In an endeavour to return children – safely – to the classroom, teachers, students and community members in Ajdabiya banded together to clear out the debris, and by the end of September, classes had resumed.
“People are so keen to have the children going back to school that, in some areas, the community around schools took care of cleaning out schools,” said Ms. Wafa Bugaighis of the Education Council in Benghazi.

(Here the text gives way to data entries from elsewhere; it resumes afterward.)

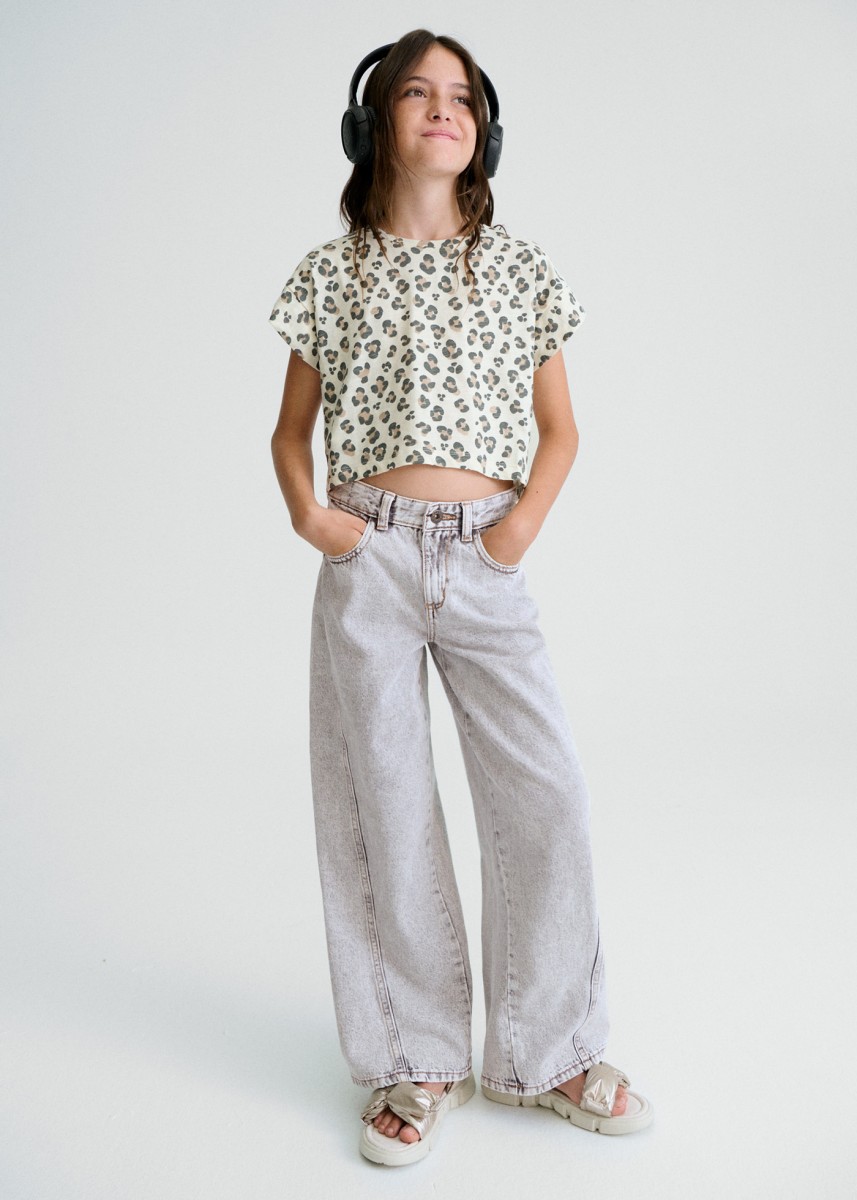 26-06552-016-XL-1.JPG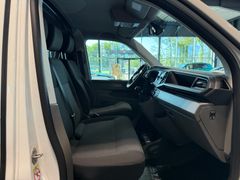 VW T6 Transporter - Ansicht 21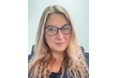 Photo of manager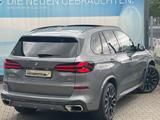 BMW X5 xDrive30d M Sport AHK PANO H&K DA-Pro PA-Pro - BMW X5 Jahreswagen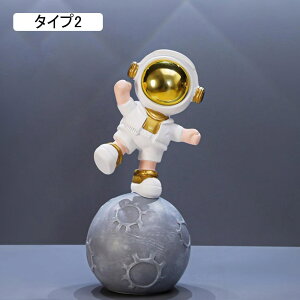 u gC WG[ g[ Fsm [  킢 l F CeA u   M ^Cv8 sAX lbNX w CO  RC  gC f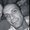 Photo of Craig O.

Mr. Younis Agniwai Saleh, head teacher of the Alkadicia School in Ajdabiya, described one such community effort.
|© UNICEF VIDEO|
|With support from the international NGO ACTED and other partners, UNICEF is currently helping to repair 30 damaged schools in Libya.|
“Of course our school suffered damage as a result of the rockets fired into the school,” he said. “But the persistence of the people who were working in the school – be it administrators or the community – and by collecting donations, we were able to overcome all obstacles and reopen the school in September.”
Happy to be back
With support from the international NGO ACTED and other partners, UNICEF is currently helping to repair 12 damaged schools in Ajdabiya and 18 in Misrata – including Nouran’s classroom and Mr. Saleh’s school
Inside the damaged walls of Nouran’s school, she and her fellow students now sing the country's new national anthem. “I'm so happy to be back at school, to see my friends and to work towards the future of the new Libya,” she said, smiling.

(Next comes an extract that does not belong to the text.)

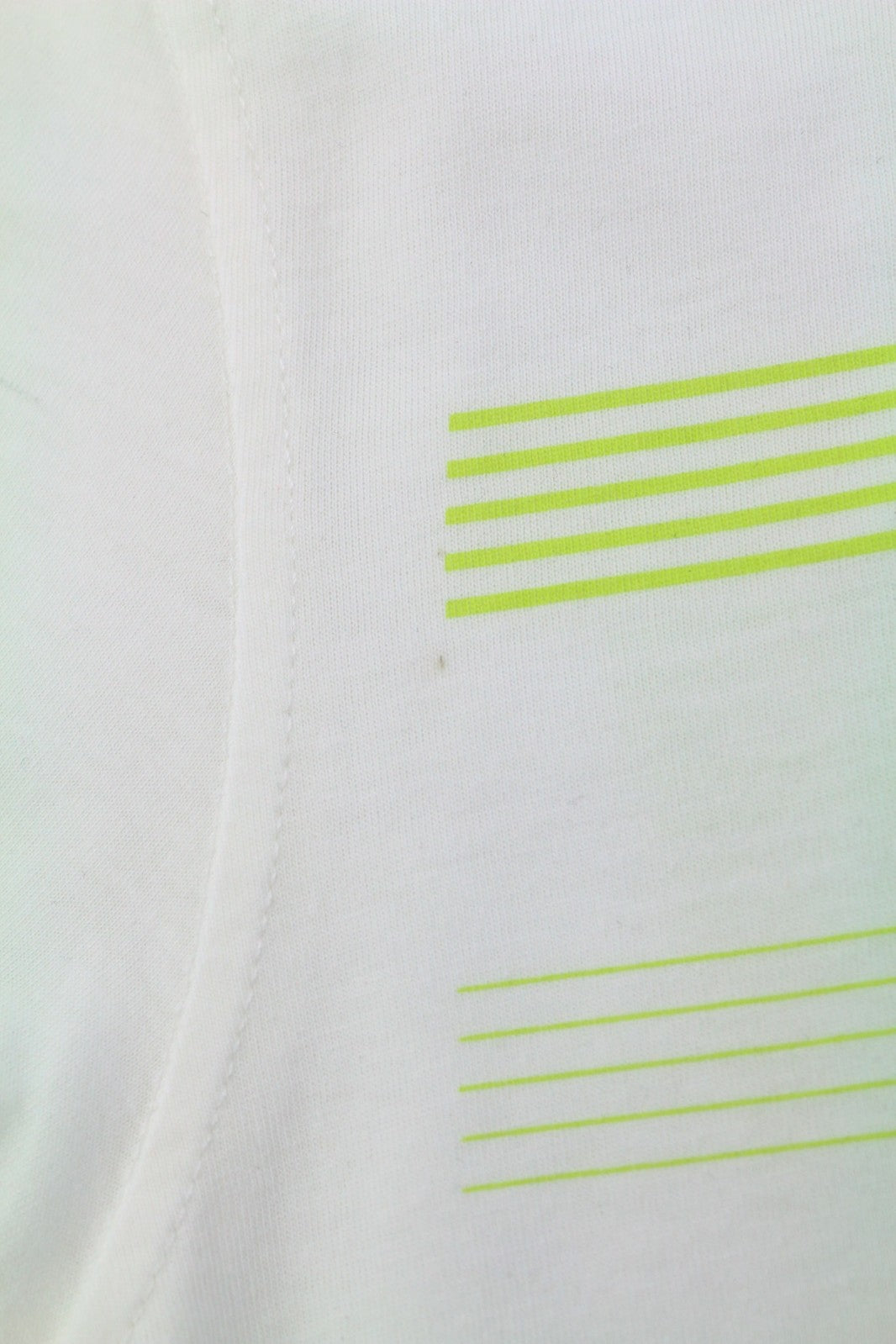 DIESEL T-Just-E19 vyriški marškinėliai su trumpomis rankovėmis, apvalia apykakle ir priekiu, lengvi trikotažiniai marškinėliai.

Riding the tide of euphoria that has swept through many parts of the nation, Nouran and her peers speak of freedom, their rights and the future before them. To realize their full potential, however, they will need a proper education and a safe environment in which to learn. The community is working together to make this happen.
“Everybody wants to be part of the future of Libya,” said Ms. Bugaighis. “They all realize it will be through education.”